ACTIVITY — In the data below, how many lines contain the string "DIAMOND"? Reply with the number only.

Records drawn from a dataset —

╔══

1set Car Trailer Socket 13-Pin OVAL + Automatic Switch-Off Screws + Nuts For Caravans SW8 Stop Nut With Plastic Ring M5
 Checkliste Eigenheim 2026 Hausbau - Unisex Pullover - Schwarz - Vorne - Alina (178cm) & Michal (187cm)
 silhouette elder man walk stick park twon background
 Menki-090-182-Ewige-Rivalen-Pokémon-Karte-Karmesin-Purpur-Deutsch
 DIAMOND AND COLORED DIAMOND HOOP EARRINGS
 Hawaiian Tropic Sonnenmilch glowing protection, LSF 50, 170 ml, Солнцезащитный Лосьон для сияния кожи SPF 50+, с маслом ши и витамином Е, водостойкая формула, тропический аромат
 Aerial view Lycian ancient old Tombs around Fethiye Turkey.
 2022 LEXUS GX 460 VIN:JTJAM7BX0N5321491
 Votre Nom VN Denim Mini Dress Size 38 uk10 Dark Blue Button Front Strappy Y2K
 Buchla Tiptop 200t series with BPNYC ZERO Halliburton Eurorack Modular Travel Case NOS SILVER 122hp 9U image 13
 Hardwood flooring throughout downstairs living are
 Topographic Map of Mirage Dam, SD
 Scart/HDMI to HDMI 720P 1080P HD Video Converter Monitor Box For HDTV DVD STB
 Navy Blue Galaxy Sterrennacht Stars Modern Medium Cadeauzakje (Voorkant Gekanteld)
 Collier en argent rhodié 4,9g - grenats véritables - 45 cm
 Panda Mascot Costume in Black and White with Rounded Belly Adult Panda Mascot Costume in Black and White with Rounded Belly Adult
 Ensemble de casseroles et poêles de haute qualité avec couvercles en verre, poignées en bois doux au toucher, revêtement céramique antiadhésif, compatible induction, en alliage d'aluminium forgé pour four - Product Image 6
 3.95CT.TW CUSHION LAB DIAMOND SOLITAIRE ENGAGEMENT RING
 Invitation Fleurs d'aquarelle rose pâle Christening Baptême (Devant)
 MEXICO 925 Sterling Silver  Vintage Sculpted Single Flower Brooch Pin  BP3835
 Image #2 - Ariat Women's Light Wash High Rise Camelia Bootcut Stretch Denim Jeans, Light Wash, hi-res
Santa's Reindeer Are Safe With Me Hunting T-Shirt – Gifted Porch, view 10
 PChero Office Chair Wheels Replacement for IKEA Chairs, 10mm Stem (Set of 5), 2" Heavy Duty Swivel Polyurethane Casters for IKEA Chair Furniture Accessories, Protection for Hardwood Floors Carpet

╚══

WORKED SOLUTION — 2